The pending budget deal, which has already passed the state Senate and is said to have the blessing of Gov. Wolf, contains a political master stroke: Pennsylvania's first-ever severance tax on oil-and-gas drilling (every other major producing state, including ultraconservative ones like Texas and Wyoming, already has one) to bring in an estimated $100 million. That's better than nothing, and lawmakers will surely tout it as proof that they're not wholly owned subsidiaries of Big Business. But the tax is still pretty small potatoes — far less than the rate in neighboring West Virginia, for example — and it's dwarfed by the $300 million the state plans to tax from us, the energy consumers.

That's appalling, but not as outrageous as the plan to let oil and gas interests take control of a permitting process that had already seemed stacked in favor of business under DEP control — except it apparently wasn't stacked enough for Big Oil and Gas. And other provisions in the deal are just as bad, including a plan to place regulation of methane emissions from fracking sites — an enormous contributor to climate change — under control of a commission named by our industry-friendly state political leadership. "It's many times more powerful than carbon dioxide," said Quigley, describing methane's potency as a greenhouse gas, "and it's an ozone pollution problem for asthmatics in Pennsylvania … and we have over a million."

The chattering classes are getting on Harrisburg's case to resolve the state's budget hole as soon as humanly possible.
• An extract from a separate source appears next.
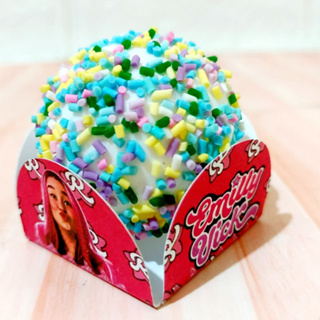 Forminhas de Brigadeiro Personalizada da EMILLY VICK para Festa de Aniversário em Oferta na Shopee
Indeed, it seems that the governor's desire for budgetary harmony, which will help his reelection next year, is what has motivated him to give up so much to our oil- and gas-besotted lawmakers. But while an ongoing budget stalemate is bad, it's not as bad as this new and completely unnecessary assault on a planet already in the midst of an existential crisis. If you care about the environment in Pennsylvania, call your state House member or Wolf's office and tell them to reject this lousy deal before it's too late.

In Lancaster County, citizens determined to reverse Pennsylvania's fossil-fuel regime are busy practicing civil disobedience techniques to stop the pipeline. "Our only hope is our nonviolent training," said Clatterbuck, who hopes the "moral dilemma" of citizens standing in front of bulldozers will finally force the state's politicians to do the right thing. So far, nothing else has worked.